How Long Does The Consumer Remain Strong? This is the critical question with regard to future growth. Earlier this week, markets pulled back on concerns that inflation would hamper future growth prospects. If demand is indeed dropping in overseas imports, that would be a bad thing.

The U.S. consumer comprises two-thirds of US GDP. The expectation is that the U.S. consumer will help lift growth as we finish the 4th quarter. The market is expecting Retail Sales for October to come in at +0.7%. The Chicago Fed’s weekly estimate of retail activity has risen every week since September 7th and has also been relatively stable with the exception of February of this year. Finally, 4th quarter GDP is expected to come in much higher than the 3rd quarter.

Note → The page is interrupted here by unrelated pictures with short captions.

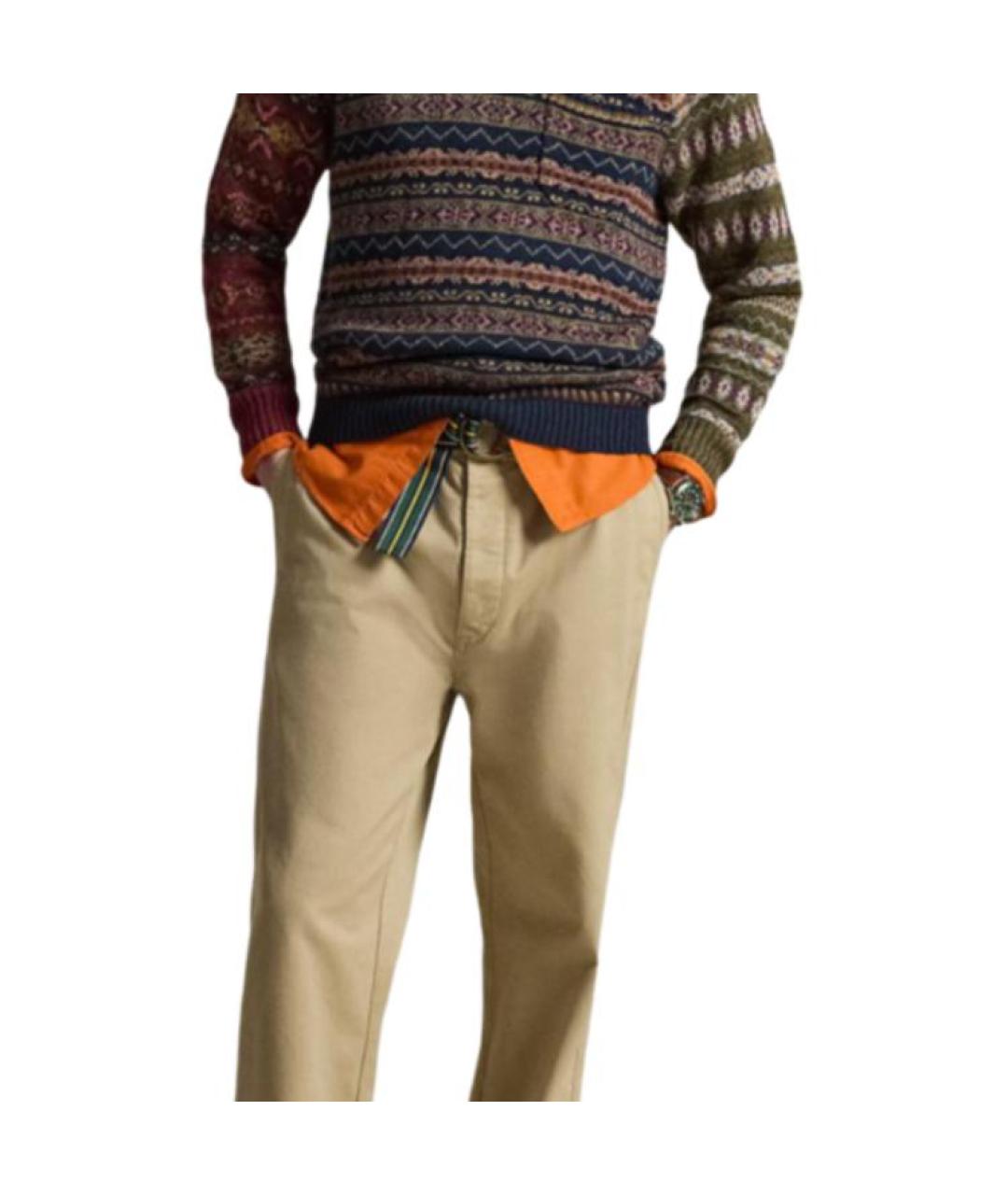 POLO RALPH LAUREN Мульти джемпер / свитер, фото 2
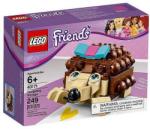 LEGO® Friends - Építhető sün tároló (40171)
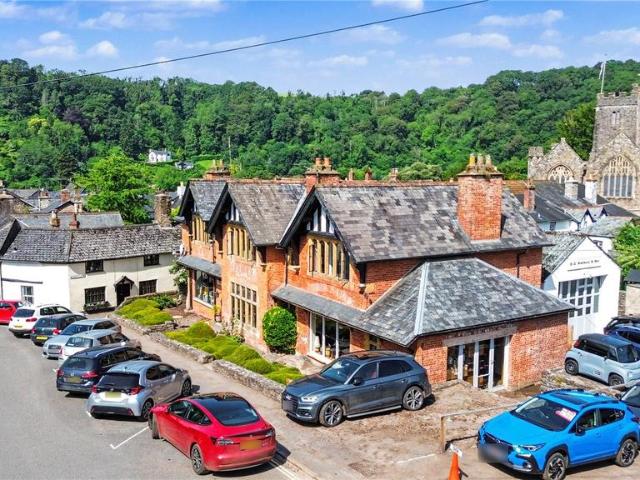 House for sale in Dulverton, Somerset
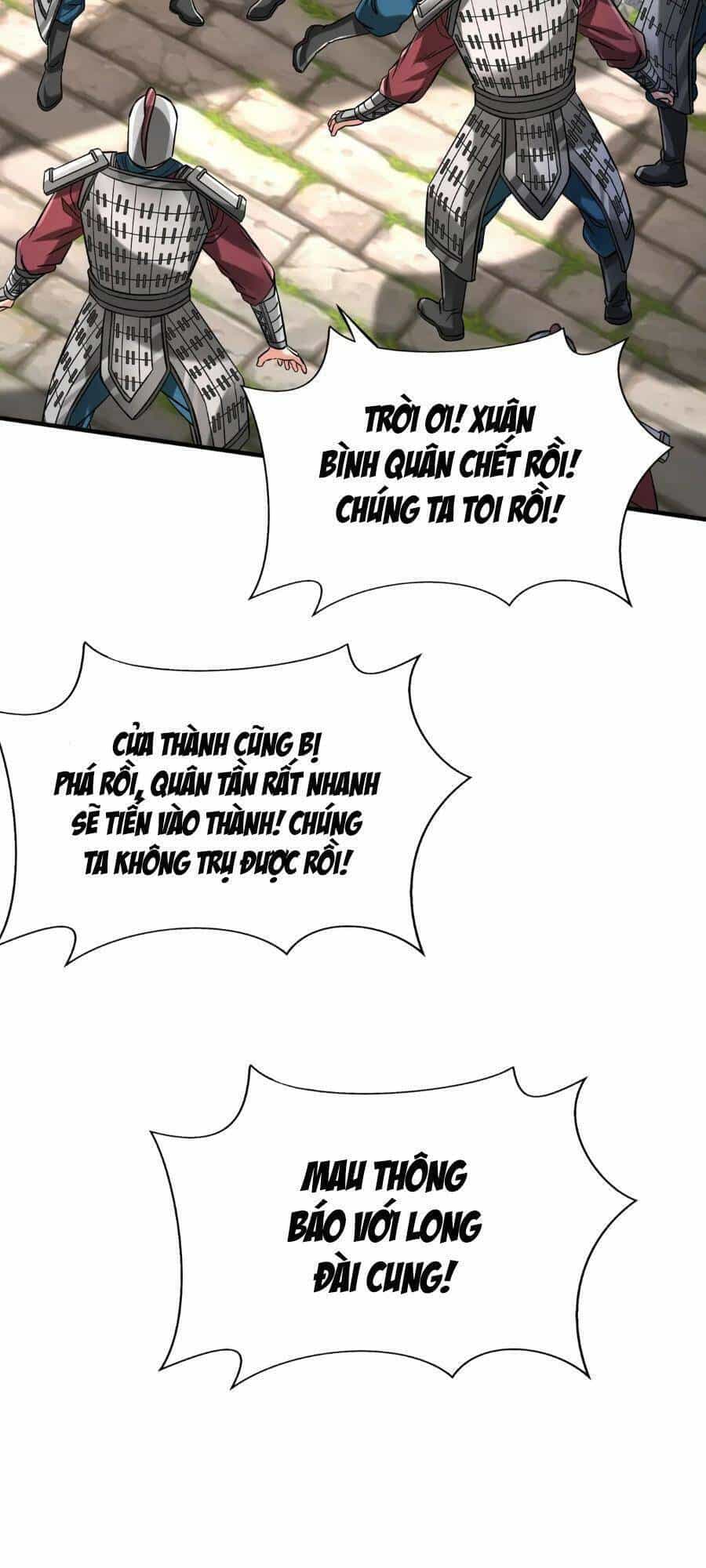 Đại Tần: Ta Con Trai Tần Thủy Hoàng Giết Địch Thăng Cấp Thành Thần - Chương 41 - ảnh 9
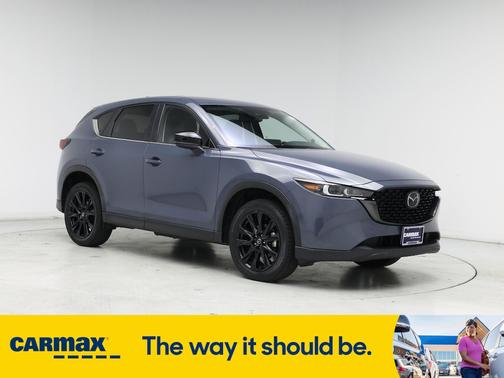 2023 Mazda CX-5 Carbon Edition
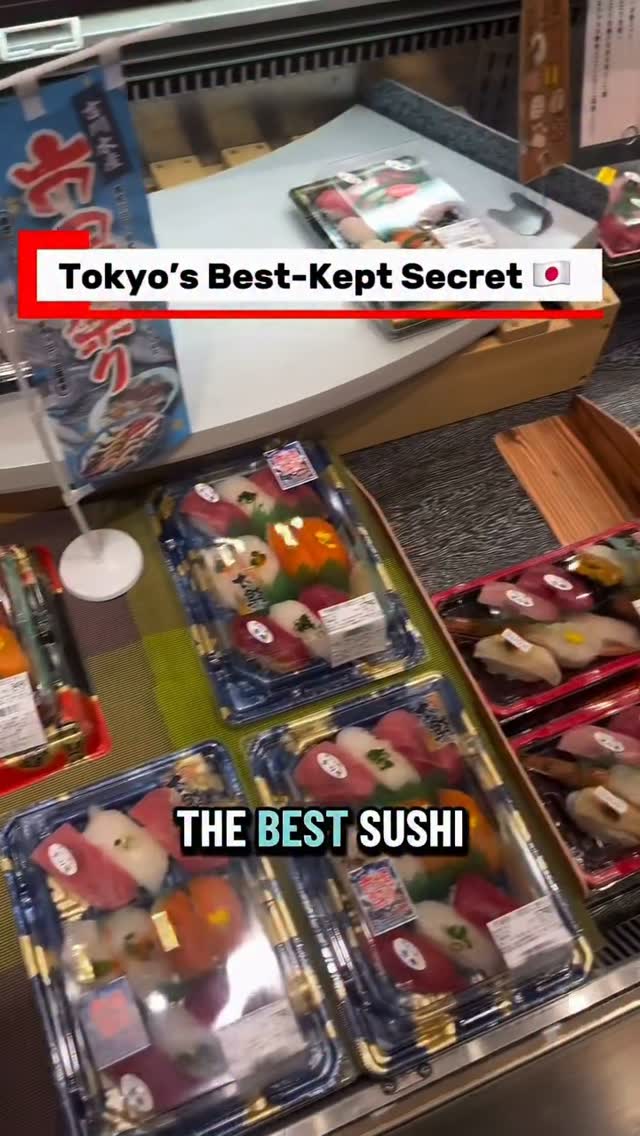 Iconic Tokyo Department Store Experiences
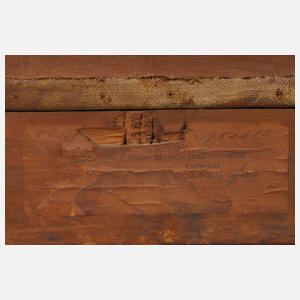 Cuno Freiherr von Bodenhausen, Sinnendes Mädchen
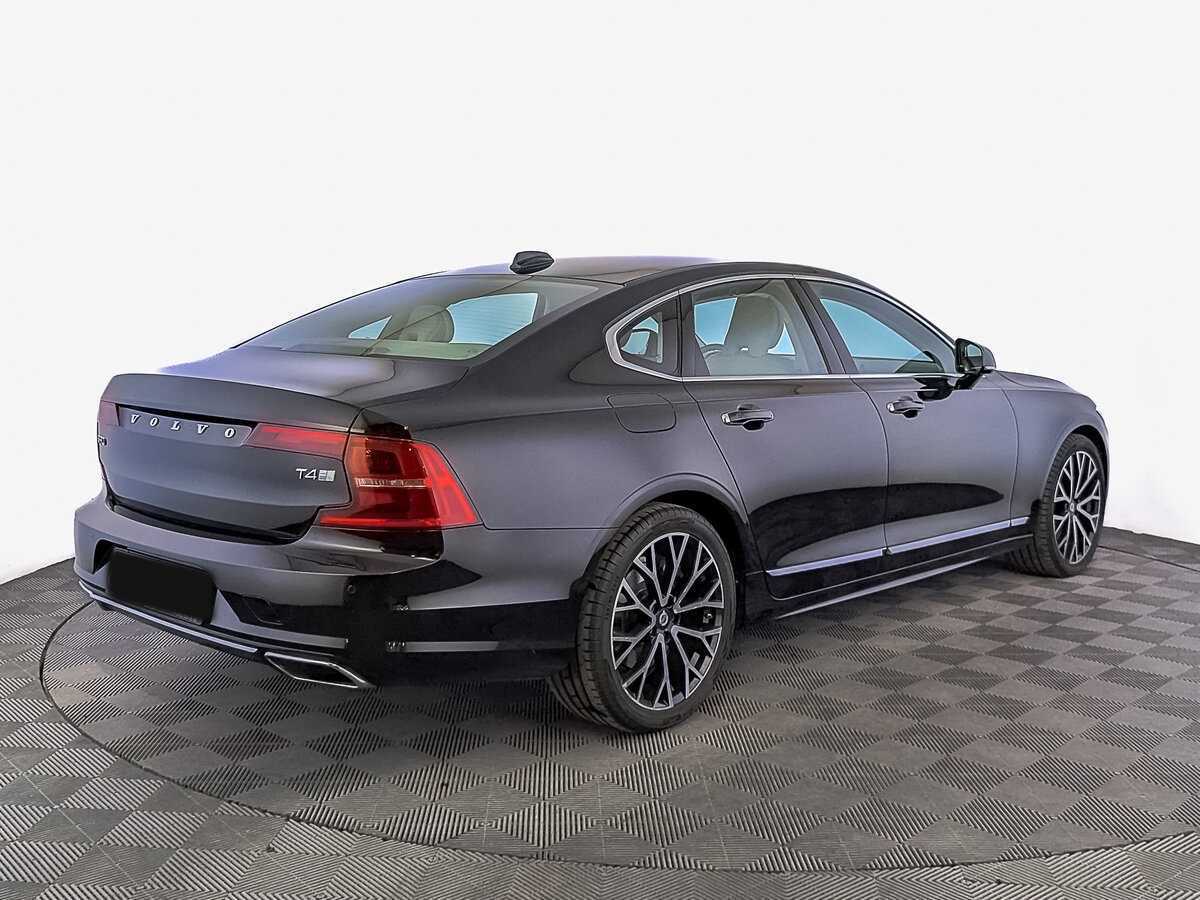 Volvo S90, 2020 Фото №5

The Atlanta Fed’s GDPNow estimate is for an increase of 8.2% in the 4th quarter. It’s next year that begins to become a concern. If inflation stays at its current growth rate, at what point do consumers abandon discretionary spending in lieu of essentials? Inflation has averaged +0.5% each month for the past 12 months. If that trend continues into next year, year-over-year inflation would end up around +12% by the end of 2022. At that point, we would expect some significant adjustments in consumer behavior. You could expect consumer staples and energy to be the primary focus of spending in the average U.S. household.